### The problem
Exclude the pictures; give every entry again exactly as written.

Stored items:
________________
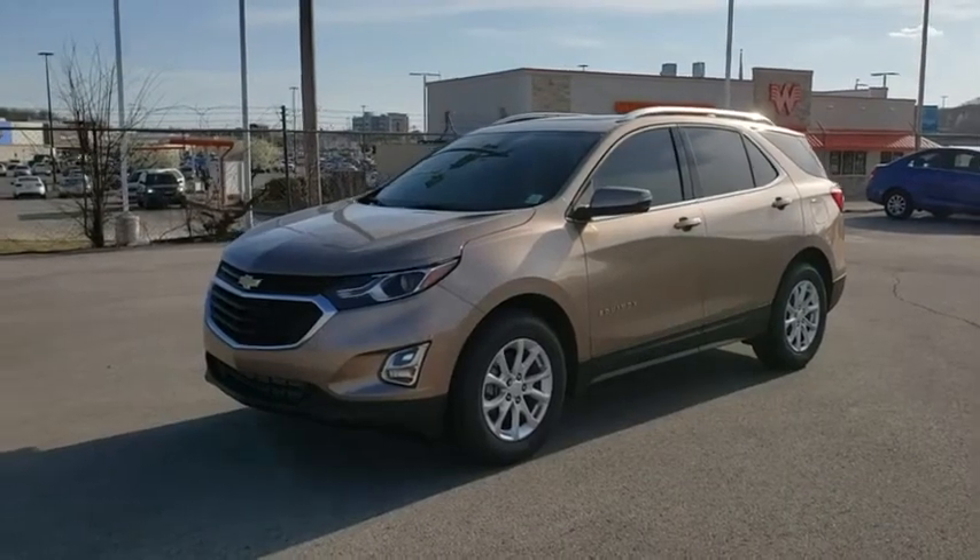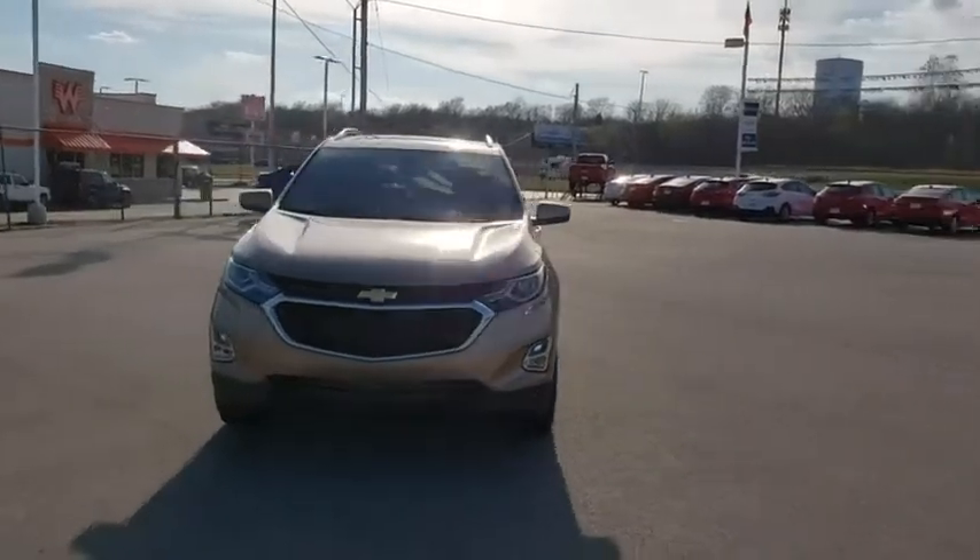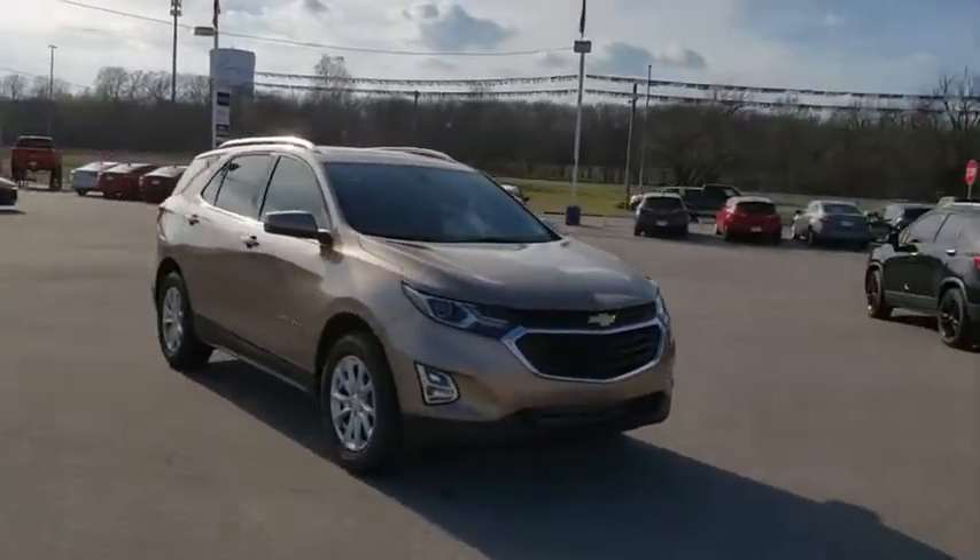2019 Chevrolet Equinox. Fuel efficiency, safety, and value equals the Chevy Equinox. Here are some of this vehicle's great options.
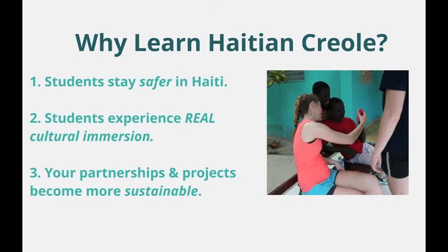We've worked with students from all over the country who can tell you it's worth it. Now it's time to find out for yourself.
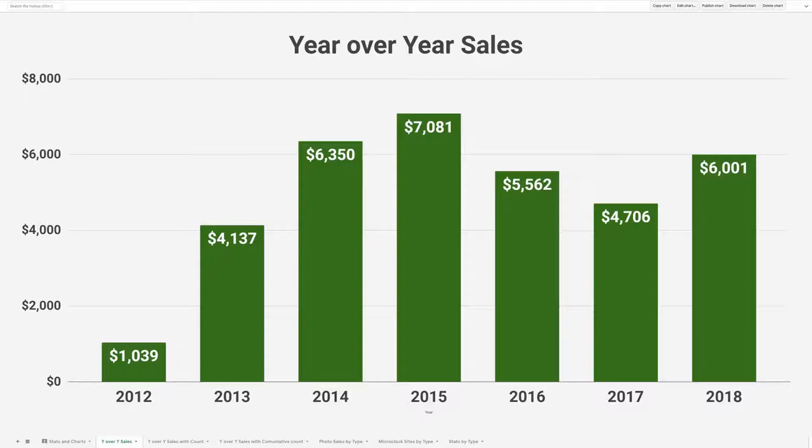So this is how the $35,000 breaks out year over year. You can see that when I started, my first year I only made about $1,000. And then it continued to increase over the next four years until 2015 when I reached the high of $7,000 a year, and there was a bit of a decline that's starting to rebound now.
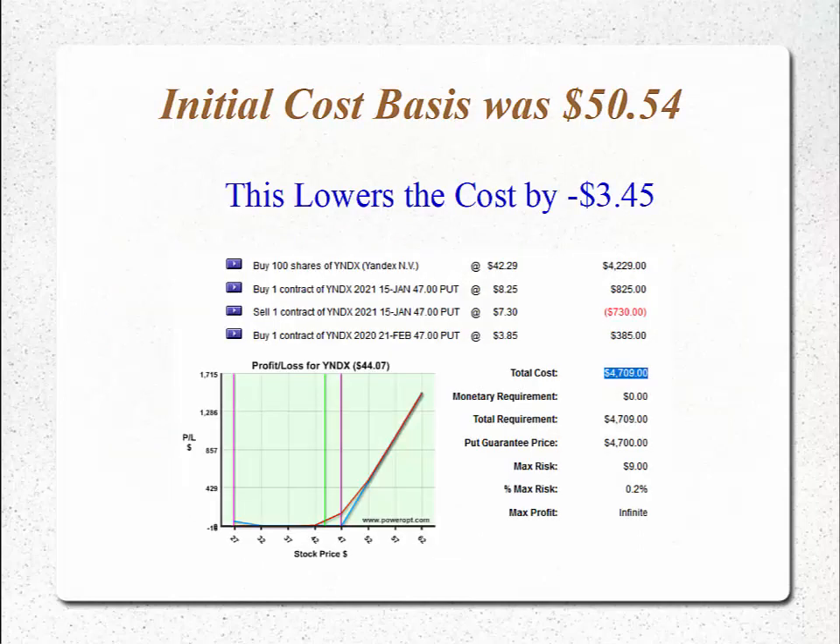That lowers the cost basis in my position. But I want to keep the proper structure in place, so I move that into a February 2020 — only about 45 days out in time — 47 strike put for $3.85. This is like generating $3.45 in premium. I'm lowering my cost basis by $3.45 and keeping the same guaranteed exit at $47 that we started with. Remember the initial cost basis: the stock at $42.29 plus that put at $8.25 was $50.54. We sell to close that put — yes, taking a loss of 95 cents — but we get $7.30 back, then buy the closer-in February 47 put for $3.85.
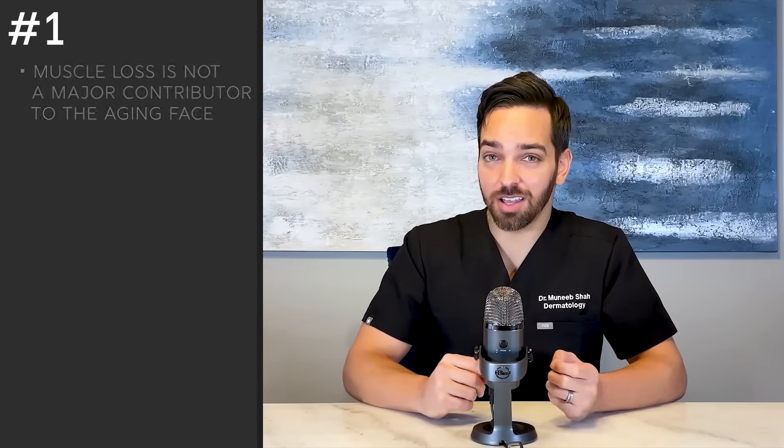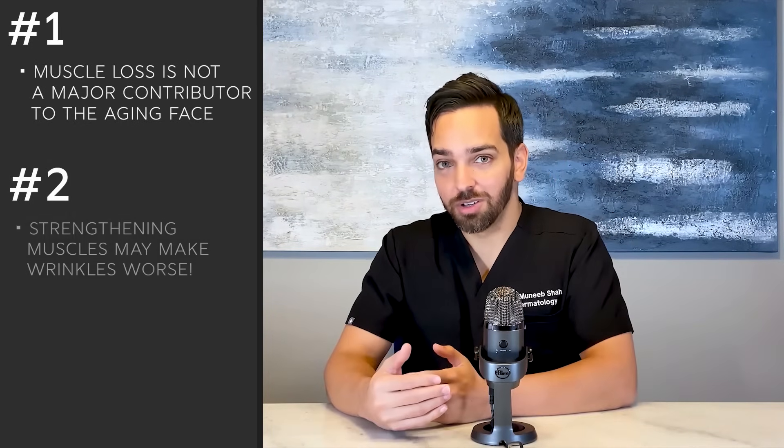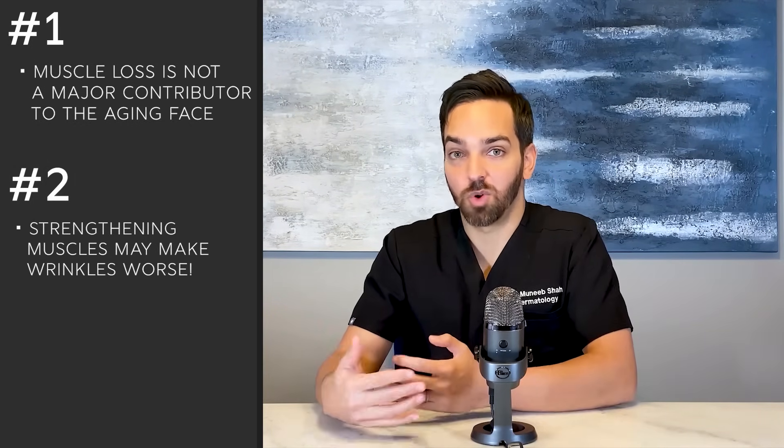The last thing I want to say is that muscle hypertrophy — increased muscle strength and movement — can actually lead to wrinkles, which is why we use Botox to temporarily paralyze muscles and help soften wrinkles. I don't even know that increasing muscle bulk or strength would be a good thing long term for the face; it would actually likely lead to more wrinkles. So we're off to a bad start here: muscle loss is only a minor part of facial aging, and increased muscle tone can potentially worsen wrinkles.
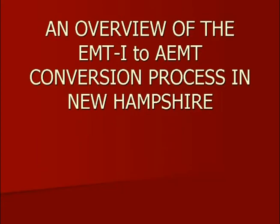Hi, this is Clay O'Dell with the New Hampshire Bureau of Emergency Medical Services. We'd like to give you this infomercial for New Hampshire EMT intermediates who are looking for information on how to convert from the currently existing EMT intermediate level to the new AEMT, Advanced EMT level.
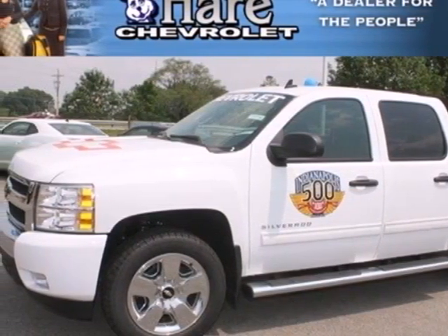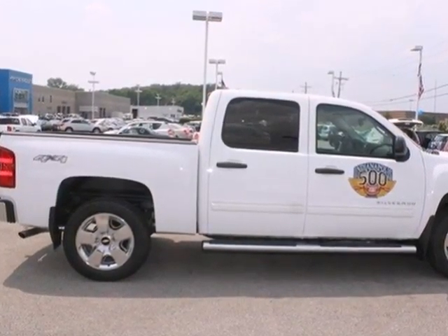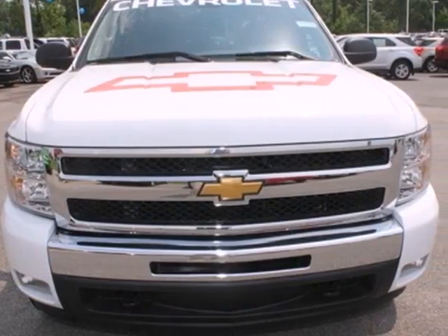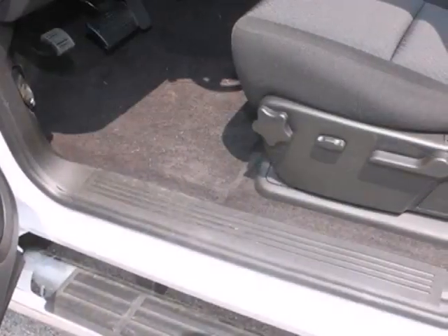Here's a 2011 Chevrolet Silverado 1500. This sensational truck is loaded with standard features including air conditioning, tilt adjustable steering wheel, side impact door beam, traction control, and dusk sensing headlamps.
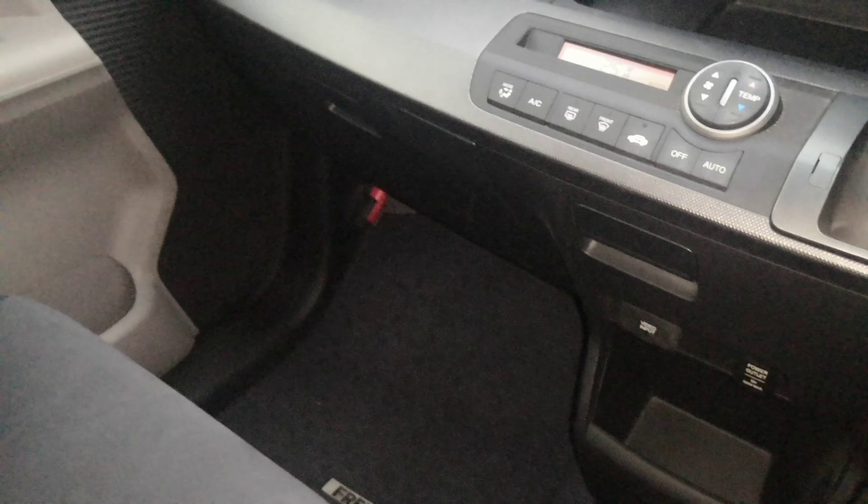Continuing to the left, you have your glove box. This little unit here is your electronic toll collector — it works like E-ZPass in the States if you're able to get the card for it for the expressway. Then you have a little compartment on each door panel for some storage. That is your passenger space.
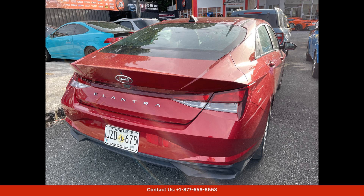Safety is a top priority for Hyundai, and the 2022 Elantra comes equipped with a wide range of advanced safety features, such as automatic emergency braking, lane-keeping assist, and adaptive cruise control. These features provide added peace of mind for drivers navigating the busy streets of San Juan.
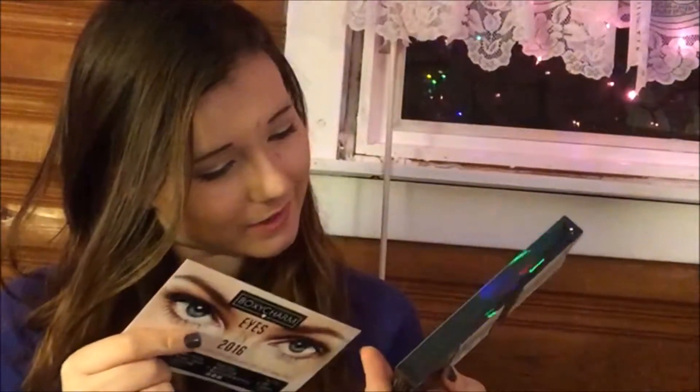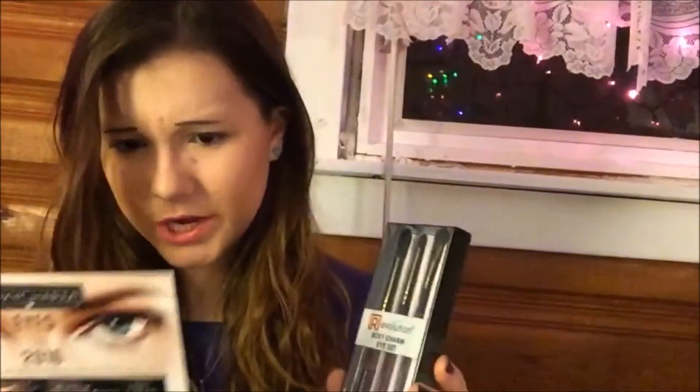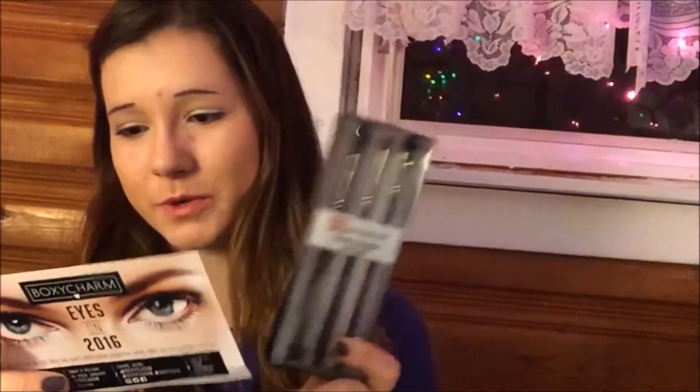They have a detail brush, a crease brush, and a smudging brush. So I got three brushes and that's pretty exciting. The cost for just these brushes is $23.97, so already we're above the price of the box in value.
________________
### Task solution
2019 Chevrolet Equinox. Fuel efficiency, safety, and value equals the Chevy Equinox. Here are some of this vehicle's great options.
We've worked with students from all over the country who can tell you it's worth it. Now it's time to find out for yourself.
So this is how the $35,000 breaks out year over year. You can see that when I started, my first year I only made about $1,000. And then it continued to increase over the next four years until 2015 when I reached the high of $7,000 a year, and there was a bit of a decline that's starting to rebound now.
That lowers the cost basis in my position. But I want to keep the proper structure in place, so I move that into a February 2020 — only about 45 days out in time — 47 strike put for $3.85. This is like generating $3.45 in premium. I'm lowering my cost basis by $3.45 and keeping the same guaranteed exit at $47 that we started with. Remember the initial cost basis: the stock at $42.29 plus that put at $8.25 was $50.54. We sell to close that put — yes, taking a loss of 95 cents — but we get $7.30 back, then buy the closer-in February 47 put for $3.85.
The last thing I want to say is that muscle hypertrophy — increased muscle strength and movement — can actually lead to wrinkles, which is why we use Botox to temporarily paralyze muscles and help soften wrinkles. I don't even know that increasing muscle bulk or strength would be a good thing long term for the face; it would actually likely lead to more wrinkles. So we're off to a bad start here: muscle loss is only a minor part of facial aging, and increased muscle tone can potentially worsen wrinkles.
Hi, this is Clay O'Dell with the New Hampshire Bureau of Emergency Medical Services. We'd like to give you this infomercial for New Hampshire EMT intermediates who are looking for information on how to convert from the currently existing EMT intermediate level to the new AEMT, Advanced EMT level.
Here's a 2011 Chevrolet Silverado 1500. This sensational truck is loaded with standard features including air conditioning, tilt adjustable steering wheel, side impact door beam, traction control, and dusk sensing headlamps.
Continuing to the left, you have your glove box. This little unit here is your electronic toll collector — it works like E-ZPass in the States if you're able to get the card for it for the expressway. Then you have a little compartment on each door panel for some storage. That is your passenger space.
Safety is a top priority for Hyundai, and the 2022 Elantra comes equipped with a wide range of advanced safety features, such as automatic emergency braking, lane-keeping assist, and adaptive cruise control. These features provide added peace of mind for drivers navigating the busy streets of San Juan.
They have a detail brush, a crease brush, and a smudging brush. So I got three brushes and that's pretty exciting. The cost for just these brushes is $23.97, so already we're above the price of the box in value.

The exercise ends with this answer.